One of the most celebrated festivals of the international Catholic community is the Assumption of the Virgin Mary on 15 August.
This is also a Christian festival and a public holiday in Lebanon. The celebrations are private. Unlike the United States and, more recently, Europe, All Hallows' Eve, or Halloween, is not celebrated in Lebanon.
Lebanon gained independence from France in 1943, on 31 December. However, the date of celebration is 22 November, as this is the day when the right to independence was recognised by France. During the day there are military parades, similar to those of Spain's Día de la Hispanidad.
Lebanon celebrates Christmas on 25 December. For Christians in the country the date is celebrated in the Western way.
Also known as Eid al-Adha or Festival of the Sacrifice, Eid al-Kebir is the most important festival in the Muslim calendar. It commemorates the sacrifice of Abraham, who was willing to sacrifice the life of Isaac, his only son, to God. This episode appears in both the Bible and the Koran.
On the day of the feast, the Muslims reproduce the sacrifice of Isaac by slaughtering a lamb. This is the central tradition of this Lebanese holiday. Since not everyone can afford this sacrifice, only those Muslims who are able to purchase a lamb at least one year old and of reasonable size are obliged to celebrate Eid al-Kebir.
The sacrifice takes place on the tenth day of the month of Dhu l-hiyya, the day of the pilgrimage to Mecca, towards which the head of the animal must be pointed, and it must be kept awake during the celebration.
One of the popular festivities in Lebanon is Ras as-Sana or the Muslim New Year. This commemorates the journey that Muhammad and his companions made from Mecca to Medina in the year 622, which became the first Muslim year.
The Hegira does not involve any special religious celebrations, but the Muslim faithful do not go to work, because it is a holy day.
The day of Ashura commemorates one of the most important holidays in the Shiite calendar.

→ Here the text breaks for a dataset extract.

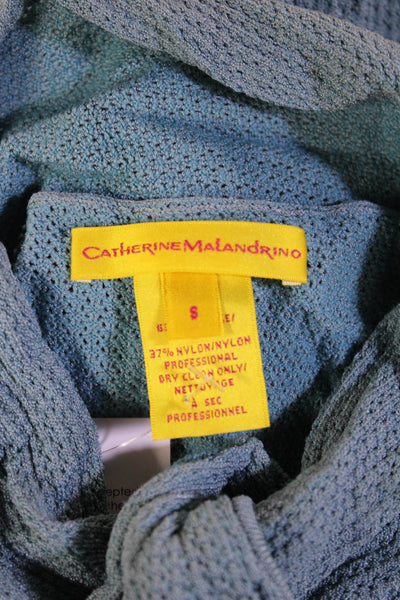 Catherine Malandrino Womens Pullover Sweater Blue Mock Neck Size S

It commemorates the martyrdom of Imam Hussein and there are processions of the faithful who flagellate themselves and hit their heads with swords. In Lebanon, it is celebrated by Shiite Muslim communities and the processions are often as striking as those of the Catholic faithful, who also whip themselves at Easter.
Muhammad's birthday is as important to Muslims as Christmas is to Christians. During the early years of Islam, the celebration lasted a whole month and ended with torchlit processions and great festivities. Today it is a little more modest and includes a religious sermon and a great banquet.
Perhaps the best known festival of Islam is Ramadan, the month of fasting, when Muslims do not eat anything between sunrise and sunset. Unlike other religions, where fasting is a punishment, Muslims deprive themselves of food in order to get closer to God. This month marks the moment when God revealed the Koran to Muhammad.
Eid al-fitr is the day when Ramadan ends. It begins with breakfast and a very important moment dedicated to prayer. The rest of the day is spent visiting family and friends and offering them fine dishes. Gifts are also given to children who, although they do not fast, experience this festival in a very special way.